### How to complete this task:
Repeat every record exactly, omitting the pictures.

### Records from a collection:
::::

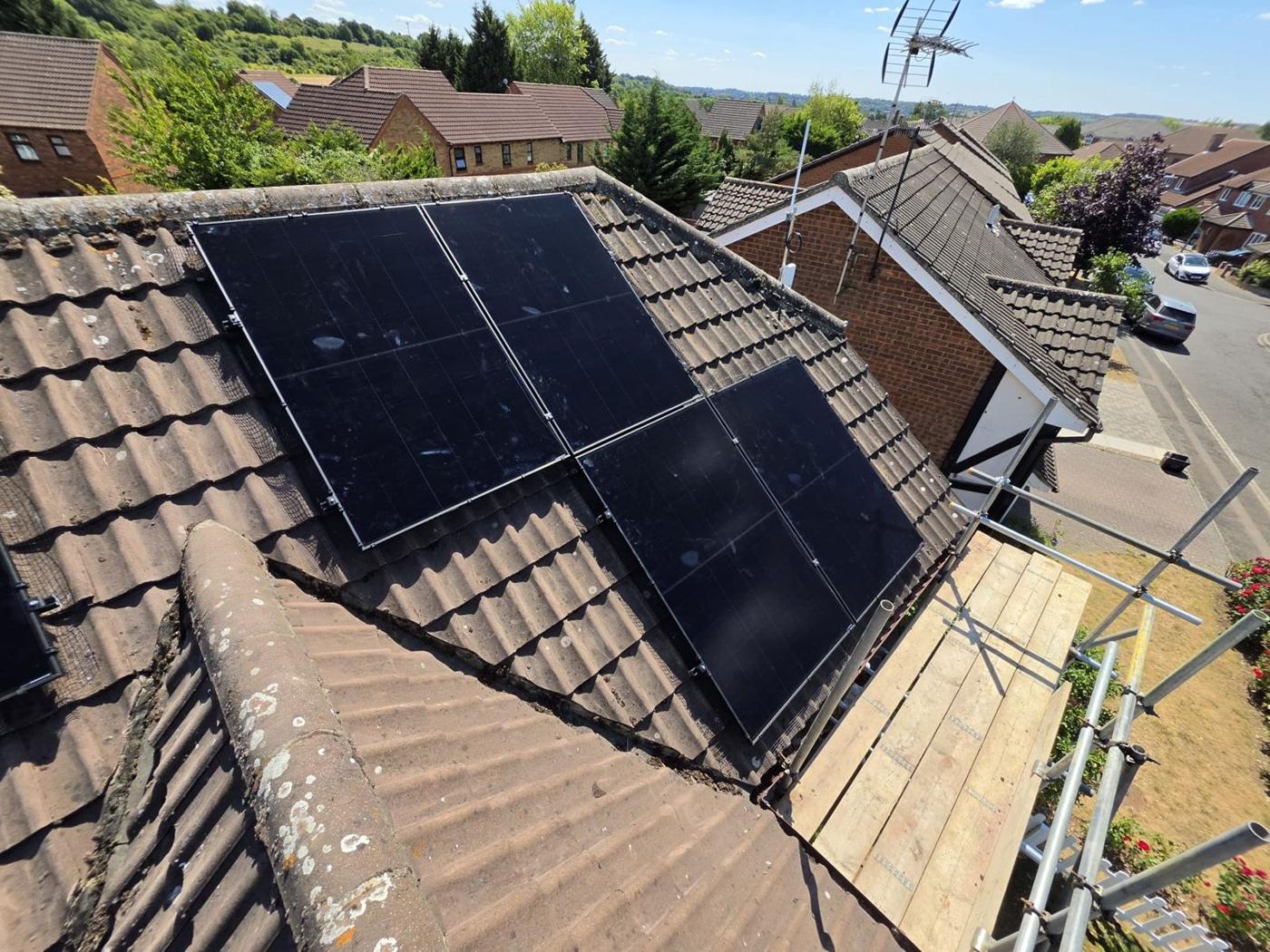 Black panels on a hipped tiled roof
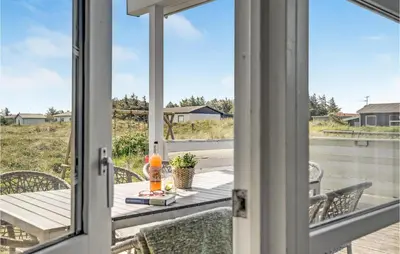 a dining room with a table and chairs on a balcony at Stunning Home In Thisted With Sauna in Klitmøller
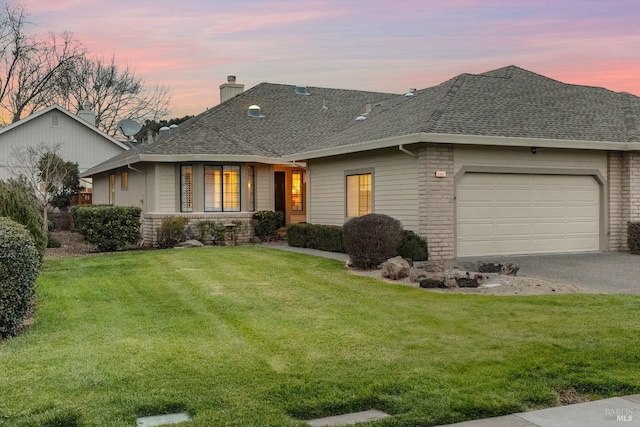 view of front of home featuring a garage, a shingled roof, a chimney, and a lawn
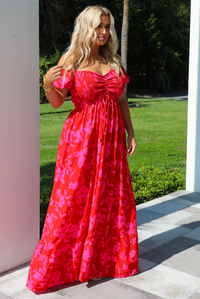 A woman wearing a red and pink floral maxi dress, standing outdoors on a tiled patio with a green lawn and trees in the background.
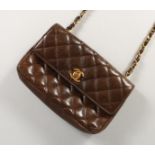 A GOOD CHANEL BROWN LEATHER PADDED PURSE with leather and gilt long handle. 7ins long, in a black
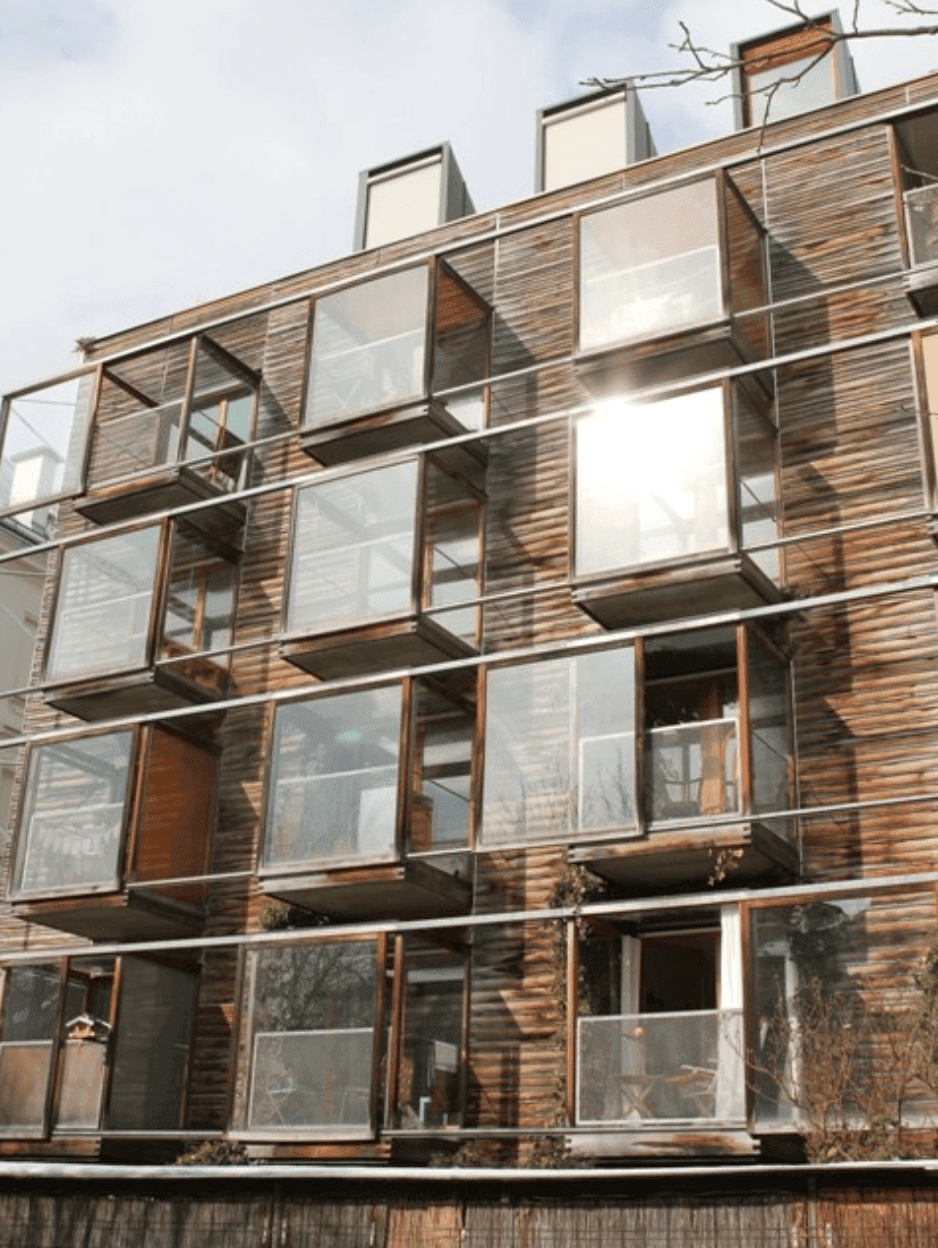 Moderne Fassade eines Gebäudes mit Holzverkleidung und zahlreichen verglasten Balkonen.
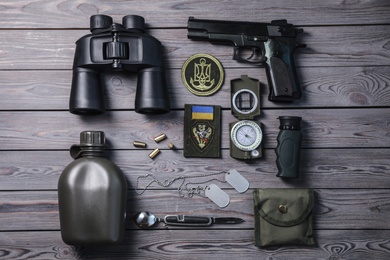 Photo of MYKOLAIV, UKRAINE - SEPTEMBER 19, 2020: Flat lay composition with Ukraine military equipment on grey wooden table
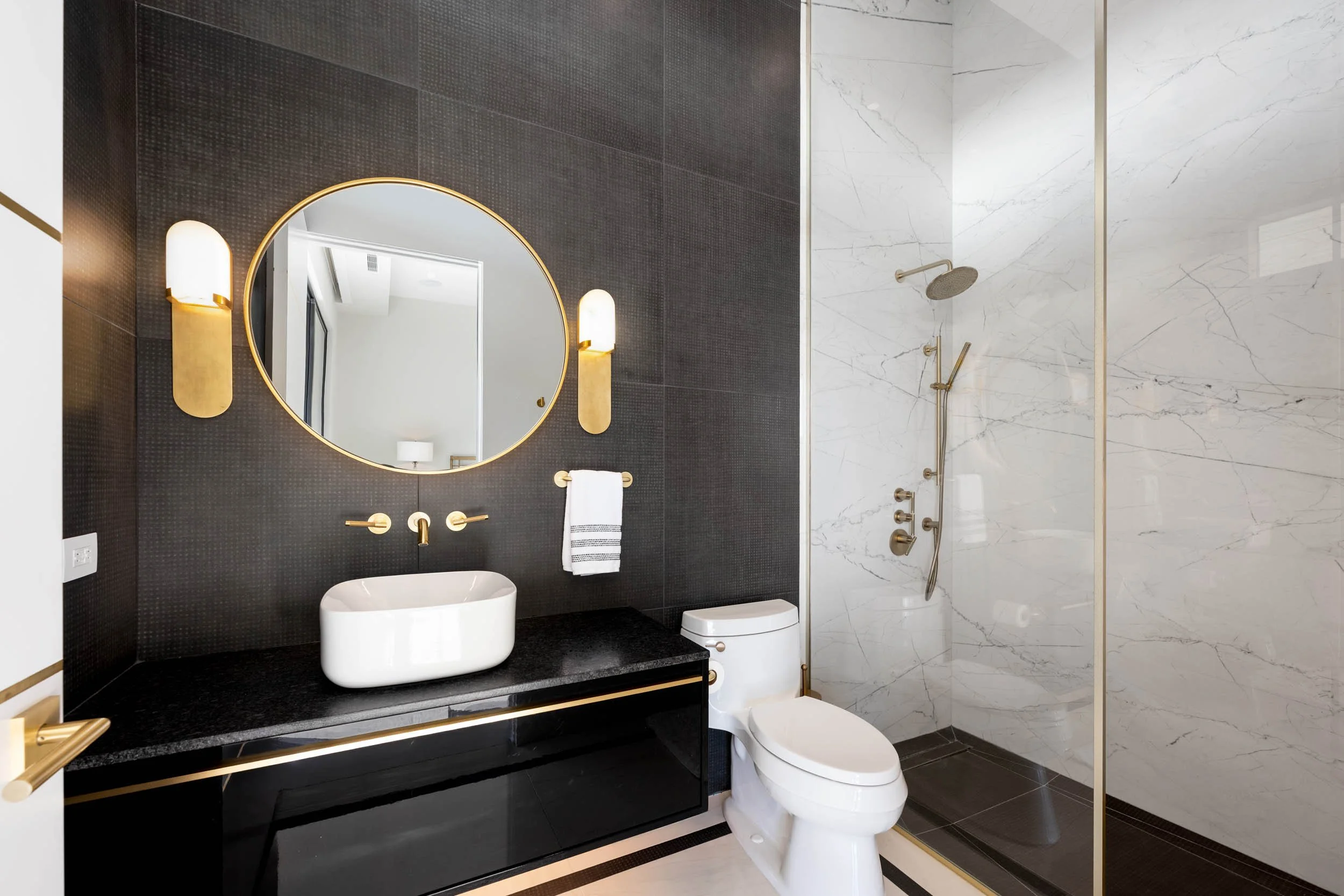 A modern bathroom featuring a black wall with a round mirror, gold accents, and wall lamps. There is a white vessel sink on a black countertop, a towel hanging on a gold bar, a white toilet, and a marble-tiled walk-in shower with gold fixtures.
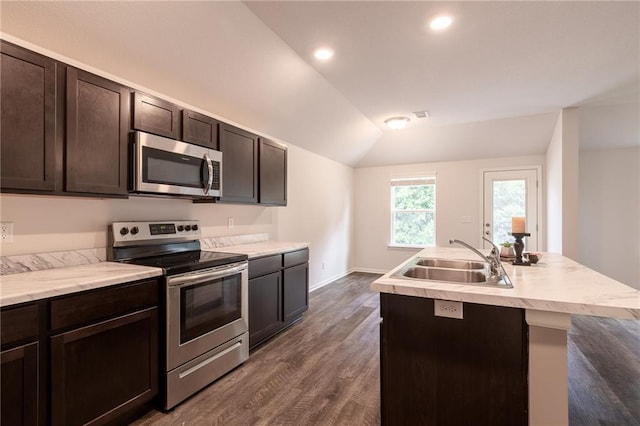 7908 SE 6th Ter, Blue Springs, MO 64014 - kitchen with appliances with stainless steel finishes, vaulted ceiling, dark wood-style floors, dark brown cabinets, and a center island with sink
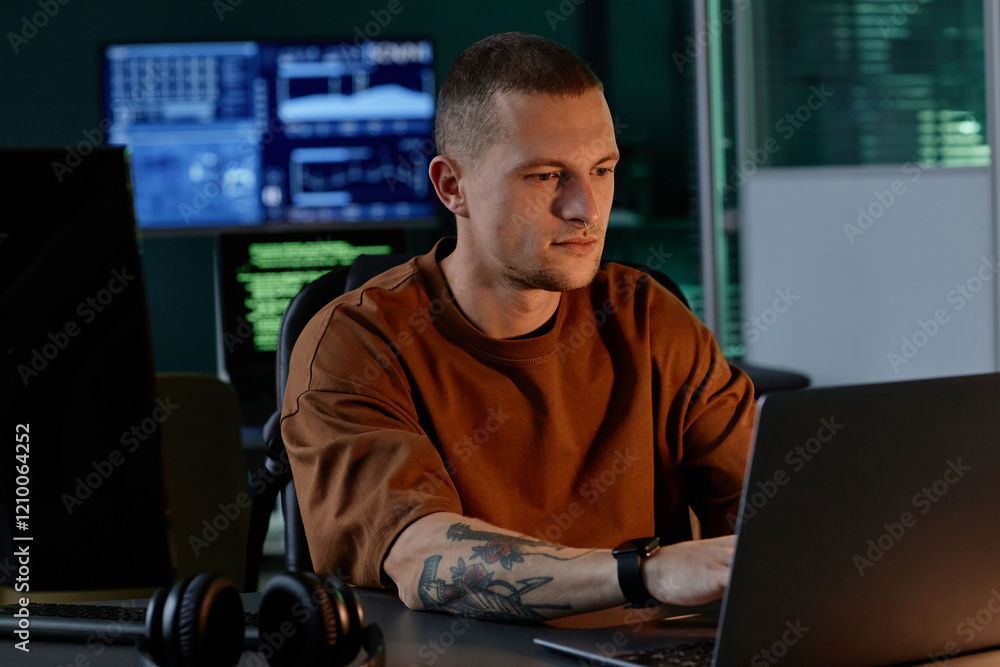 Poster medium shot of young male software developer immersed in coding on laptop, while sitting in light fr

::::

### Output:
 Black panels on a hipped tiled roof
 a dining room with a table and chairs on a balcony at Stunning Home In Thisted With Sauna in Klitmøller
 view of front of home featuring a garage, a shingled roof, a chimney, and a lawn
 A woman wearing a red and pink floral maxi dress, standing outdoors on a tiled patio with a green lawn and trees in the background.
 A GOOD CHANEL BROWN LEATHER PADDED PURSE with leather and gilt long handle. 7ins long, in a black
 Moderne Fassade eines Gebäudes mit Holzverkleidung und zahlreichen verglasten Balkonen.
 Photo of MYKOLAIV, UKRAINE - SEPTEMBER 19, 2020: Flat lay composition with Ukraine military equipment on grey wooden table
 A modern bathroom featuring a black wall with a round mirror, gold accents, and wall lamps. There is a white vessel sink on a black countertop, a towel hanging on a gold bar, a white toilet, and a marble-tiled walk-in shower with gold fixtures.
 7908 SE 6th Ter, Blue Springs, MO 64014 - kitchen with appliances with stainless steel finishes, vaulted ceiling, dark wood-style floors, dark brown cabinets, and a center island with sink
 Poster medium shot of young male software developer immersed in coding on laptop, while sitting in light fr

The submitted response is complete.